The solution: stimulating the immune system to clear out the junk (AmyloSENS)

7. Junk inside the cells

As mentioned earlier, the body is fairly good at breaking break down proteins and other molecules in the cell which are no longer useful. However, sometimes these molecules have gone through chemical changes that makes the cell unable to digest them any longer. They then end up in the lysosome, which is the most powerful place to degrade molecules. If the lysosome is unable to get rid of them, they end up as intracellular junk and stay there practically forever.
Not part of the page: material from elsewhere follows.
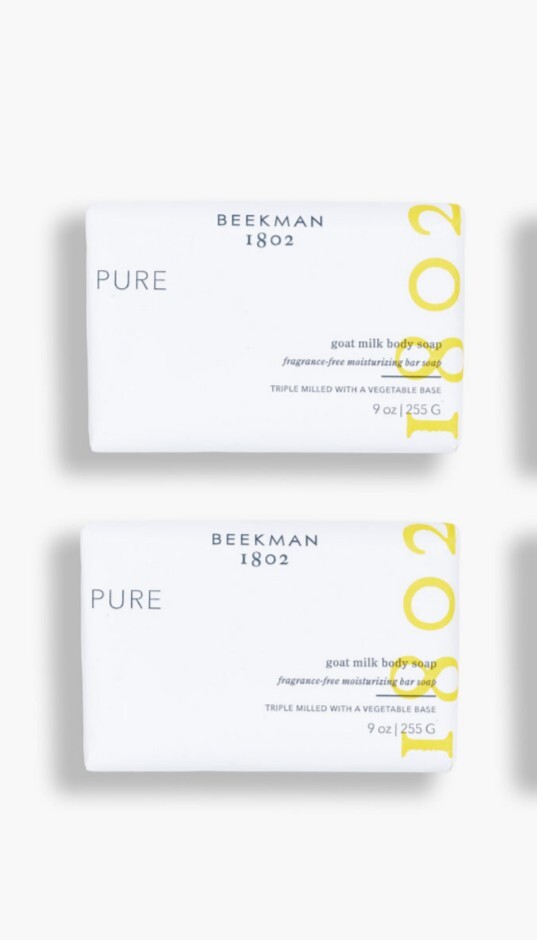 BEEKMAN 1802 Pure Goat Milk 9 oz Bar Soap Set of 2 Fragrance Free NEW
In dividing cells this is not too big of a problem, because each division dilutes the junk, and the threshold where problems occur is not reached. But in non-dividing cells, the accumulation of this junk eventually causes the cells to stop functioning correctly. The result is problems such as atherosclerosis, blindness, liver spots, and a host of neurogenerative diseases.

The solution: making the lysosome more powerful to degrade the junk (LysoSENS)


There you have it, the seven types of aging damage that need to be fixed in order for true rejuvenation engineering to happen. And how do we know the list ends here? Isn't it possible there are other causes we just don't know of yet? Theoretically, yes, but it seems highly unlikely. Here's an explanation taken from the SENS Foundation website:

We can be confident that this list is complete, first and foremost because of the fact that scientists have not discovered any new kinds of aging damage in nearly a generation, despite the facts that research into aging has been slowly accelerating and that we have had ever-increasingly powerful tools with which to investigate the aging body.

Challenging as fixing this damage may be, the fact that we know what we need to do should still leave you with a fairly optimistic view of things. As I've said before, solving these problems is really a question of "when", not "if". And the sooner it is, the better – for all of us.

Even if you're not studying or working in the field, there are a couple of very practical ways to help make these rejuvenation therapies come true in your lifetime. The SENS website has a pretty good list of things with something for everyone, but I'll mention two important ones here.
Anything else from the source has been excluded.